Codegen and compilation run serially to avoid GPU context issues with process forking.
**Success rate**: 99.5% (3,760/3,780 measurements succeeded)
---
## Example Workflow: New Data Collection
```bash
# 1. Generate problem set
cd problems/
python create_miopen_training_set.py \
--input /path/to/ALL_CONFIGS_FULL.txt \
--output forward_training_new.py \
--count 500
# 2. Collect training data
cd ..
python grouped_conv_full_benchmark.py \
--variant forward \
--category full \
--workers 256 \
--output new_training_data.csv
# 3. Convert to parquet
cd ../../dispatcher/heuristics
python convert_csv_to_parquet.py \
--input ../../tile_engine/ops/grouped_conv/new_training_data.csv \
--output data/grouped_conv_forward_bf16_gfx950/new_data.parquet
# 4. Train model
python train.py \
--data_dir data/ \
--out_dir models/grouped_conv_forward_bf16_gfx950_v2 \
--op grouped_conv \
--variant forward
# 5. Validate (sanity check on training shapes)
cd validation/grouped_conv
python validate_training_shapes.py --direction forward
```
---
## Performance Results
### Forward Pass (Production-Ready)
- **Mean efficiency**: 99.67% on 10 unseen MIOpen shapes
- **Perfect matches**: 70% (7/10 selected exact oracle best)
- **Min efficiency**: 98.4% (even on edge case: 1×491 spatial)
- **Selection time**: <1ms (vs 30-60s exhaustive search)
### Backward Passes (Prediction-Validated)
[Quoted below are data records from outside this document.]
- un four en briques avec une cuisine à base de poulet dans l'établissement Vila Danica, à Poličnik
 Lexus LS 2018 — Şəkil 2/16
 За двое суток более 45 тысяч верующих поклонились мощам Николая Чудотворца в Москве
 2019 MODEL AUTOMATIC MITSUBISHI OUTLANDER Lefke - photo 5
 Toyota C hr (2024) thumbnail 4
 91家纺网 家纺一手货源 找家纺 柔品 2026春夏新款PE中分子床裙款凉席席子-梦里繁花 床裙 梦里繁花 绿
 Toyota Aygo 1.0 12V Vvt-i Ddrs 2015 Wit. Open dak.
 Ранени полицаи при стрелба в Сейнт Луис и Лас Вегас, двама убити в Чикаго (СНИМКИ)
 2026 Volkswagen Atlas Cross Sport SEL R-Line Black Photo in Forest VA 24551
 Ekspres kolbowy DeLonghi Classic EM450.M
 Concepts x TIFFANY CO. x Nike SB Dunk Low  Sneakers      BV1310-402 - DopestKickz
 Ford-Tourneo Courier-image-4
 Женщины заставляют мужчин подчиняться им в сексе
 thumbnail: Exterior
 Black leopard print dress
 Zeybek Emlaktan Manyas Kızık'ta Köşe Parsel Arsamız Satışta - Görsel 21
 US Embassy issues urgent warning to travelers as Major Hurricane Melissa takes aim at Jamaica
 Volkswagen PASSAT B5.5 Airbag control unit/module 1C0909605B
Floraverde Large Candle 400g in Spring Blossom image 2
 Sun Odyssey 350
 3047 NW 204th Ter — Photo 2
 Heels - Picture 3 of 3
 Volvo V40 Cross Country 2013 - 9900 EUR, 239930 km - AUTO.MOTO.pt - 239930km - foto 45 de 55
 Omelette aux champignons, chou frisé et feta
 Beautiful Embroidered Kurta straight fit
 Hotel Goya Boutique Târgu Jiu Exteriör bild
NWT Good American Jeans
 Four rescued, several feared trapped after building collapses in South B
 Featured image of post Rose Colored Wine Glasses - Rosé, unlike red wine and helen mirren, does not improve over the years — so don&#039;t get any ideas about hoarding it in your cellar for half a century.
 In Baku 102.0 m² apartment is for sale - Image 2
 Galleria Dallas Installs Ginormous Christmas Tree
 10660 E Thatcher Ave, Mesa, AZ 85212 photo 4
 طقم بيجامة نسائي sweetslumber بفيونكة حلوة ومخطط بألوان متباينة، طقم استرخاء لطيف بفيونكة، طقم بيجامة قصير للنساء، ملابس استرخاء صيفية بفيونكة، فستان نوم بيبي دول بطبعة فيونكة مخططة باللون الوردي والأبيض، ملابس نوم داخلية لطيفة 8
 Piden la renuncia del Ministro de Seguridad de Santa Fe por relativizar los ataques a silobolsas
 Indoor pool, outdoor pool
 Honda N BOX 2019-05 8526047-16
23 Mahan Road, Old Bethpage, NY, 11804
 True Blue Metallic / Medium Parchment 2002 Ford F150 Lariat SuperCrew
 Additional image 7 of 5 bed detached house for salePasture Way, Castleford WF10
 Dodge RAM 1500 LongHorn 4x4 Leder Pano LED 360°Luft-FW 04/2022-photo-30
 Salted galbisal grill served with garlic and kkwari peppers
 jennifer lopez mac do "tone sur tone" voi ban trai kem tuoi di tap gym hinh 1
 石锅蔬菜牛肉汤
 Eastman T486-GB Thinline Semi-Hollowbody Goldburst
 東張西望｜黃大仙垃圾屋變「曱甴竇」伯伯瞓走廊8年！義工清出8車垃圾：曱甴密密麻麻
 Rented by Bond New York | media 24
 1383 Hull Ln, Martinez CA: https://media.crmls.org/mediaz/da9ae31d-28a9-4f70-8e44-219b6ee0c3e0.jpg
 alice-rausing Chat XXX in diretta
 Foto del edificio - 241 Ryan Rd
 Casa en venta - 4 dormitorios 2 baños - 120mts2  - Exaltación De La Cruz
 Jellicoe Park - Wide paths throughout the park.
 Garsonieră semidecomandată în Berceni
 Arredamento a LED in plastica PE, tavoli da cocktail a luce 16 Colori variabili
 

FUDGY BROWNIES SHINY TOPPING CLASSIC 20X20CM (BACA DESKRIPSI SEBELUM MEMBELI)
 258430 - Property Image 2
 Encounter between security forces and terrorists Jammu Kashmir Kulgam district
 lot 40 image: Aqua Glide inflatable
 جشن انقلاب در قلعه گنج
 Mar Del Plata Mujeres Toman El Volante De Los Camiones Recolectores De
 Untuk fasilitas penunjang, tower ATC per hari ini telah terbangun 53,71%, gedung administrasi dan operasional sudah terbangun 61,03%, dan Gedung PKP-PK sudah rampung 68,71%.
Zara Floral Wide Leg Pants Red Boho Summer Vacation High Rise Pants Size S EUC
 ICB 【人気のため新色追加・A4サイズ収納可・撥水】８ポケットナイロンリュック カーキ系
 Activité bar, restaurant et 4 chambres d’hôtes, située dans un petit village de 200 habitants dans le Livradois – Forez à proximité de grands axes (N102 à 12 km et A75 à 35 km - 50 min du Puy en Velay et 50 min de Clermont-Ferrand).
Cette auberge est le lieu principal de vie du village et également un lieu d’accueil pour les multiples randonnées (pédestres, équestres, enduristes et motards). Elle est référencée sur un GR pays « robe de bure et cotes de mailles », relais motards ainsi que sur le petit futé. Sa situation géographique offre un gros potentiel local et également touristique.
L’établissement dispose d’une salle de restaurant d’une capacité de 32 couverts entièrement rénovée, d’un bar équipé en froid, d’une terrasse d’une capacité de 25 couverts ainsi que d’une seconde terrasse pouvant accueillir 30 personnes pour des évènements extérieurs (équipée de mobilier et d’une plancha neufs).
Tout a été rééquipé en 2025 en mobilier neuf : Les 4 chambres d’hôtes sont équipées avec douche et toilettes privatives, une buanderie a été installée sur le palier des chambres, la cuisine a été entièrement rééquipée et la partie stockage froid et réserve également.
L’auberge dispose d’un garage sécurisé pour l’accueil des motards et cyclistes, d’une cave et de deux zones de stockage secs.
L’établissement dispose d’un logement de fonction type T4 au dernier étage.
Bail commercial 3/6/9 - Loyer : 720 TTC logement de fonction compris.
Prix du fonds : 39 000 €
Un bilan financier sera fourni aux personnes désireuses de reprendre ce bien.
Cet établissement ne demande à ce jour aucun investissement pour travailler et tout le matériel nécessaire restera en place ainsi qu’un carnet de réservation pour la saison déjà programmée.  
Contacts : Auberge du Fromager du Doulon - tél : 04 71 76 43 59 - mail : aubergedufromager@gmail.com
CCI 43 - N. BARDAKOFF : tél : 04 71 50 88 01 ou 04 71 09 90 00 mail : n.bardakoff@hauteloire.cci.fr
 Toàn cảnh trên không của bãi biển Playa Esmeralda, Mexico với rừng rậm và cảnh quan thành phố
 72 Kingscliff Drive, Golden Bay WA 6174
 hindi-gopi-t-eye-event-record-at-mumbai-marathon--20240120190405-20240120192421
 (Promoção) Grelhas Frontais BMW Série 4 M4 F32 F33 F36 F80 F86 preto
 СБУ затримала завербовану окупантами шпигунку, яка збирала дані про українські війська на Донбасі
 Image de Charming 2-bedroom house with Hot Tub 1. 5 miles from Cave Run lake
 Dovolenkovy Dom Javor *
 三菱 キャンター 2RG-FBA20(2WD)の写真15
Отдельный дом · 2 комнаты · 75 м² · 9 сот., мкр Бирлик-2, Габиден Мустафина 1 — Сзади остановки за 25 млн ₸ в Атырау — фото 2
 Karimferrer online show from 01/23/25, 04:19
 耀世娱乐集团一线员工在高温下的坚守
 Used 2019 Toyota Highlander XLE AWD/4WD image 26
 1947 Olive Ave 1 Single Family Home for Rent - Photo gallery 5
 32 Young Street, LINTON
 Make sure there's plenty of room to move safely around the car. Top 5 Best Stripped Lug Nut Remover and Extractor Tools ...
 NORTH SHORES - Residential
- **Bwd Data**: 14,562 samples, prediction quality tested
- **Bwd Weight**: 18,150 samples, prediction quality tested
- **Status**: Models trained, hardware validation pending
See [dispatcher/heuristics/GROUPED_CONV_ML_SUMMARY.md](../../dispatcher/heuristics/GROUPED_CONV_ML_SUMMARY.md) for full metrics.
---
## Hardware Tested
- **GPU**: AMD MI300 (gfx950)
- **Datatypes**: BF16 (primary), FP16, FP32
- **Pipelines**: CompV3, CompV4, CompV5 (forward), CompV3/Mem (backward)
- **Schedulers**: Intrawave, Interwave
- **Tile sizes**: 16×64×64, 32×64×64, 64×64×64, 128×128×64, etc.
---
## Related Documentation
- **ML System Overview**: [dispatcher/heuristics/GROUPED_CONV_ML_SUMMARY.md](../../dispatcher/heuristics/GROUPED_CONV_ML_SUMMARY.md)
- **Training Pipeline**: [dispatcher/heuristics/README.md](../../dispatcher/heuristics/README.md)
- **Validation Framework**: [dispatcher/heuristics/validation/README.md](../../dispatcher/heuristics/validation/README.md)
- **Python Examples**: [dispatcher/examples/grouped_conv/python/README_ML_HEURISTIC.md](../../dispatcher/examples/grouped_conv/python/README_ML_HEURISTIC.md)
---
## Next Steps
**For Forward Pass**: Production-ready, integrate into runtime dispatcher
**For Backward Passes**: Run prediction-quality check
```bash
cd ../../dispatcher/heuristics/validation/grouped_conv
python validate_backward_models.py
```
Target: >85% mean efficiency on unseen shapes before production deployment.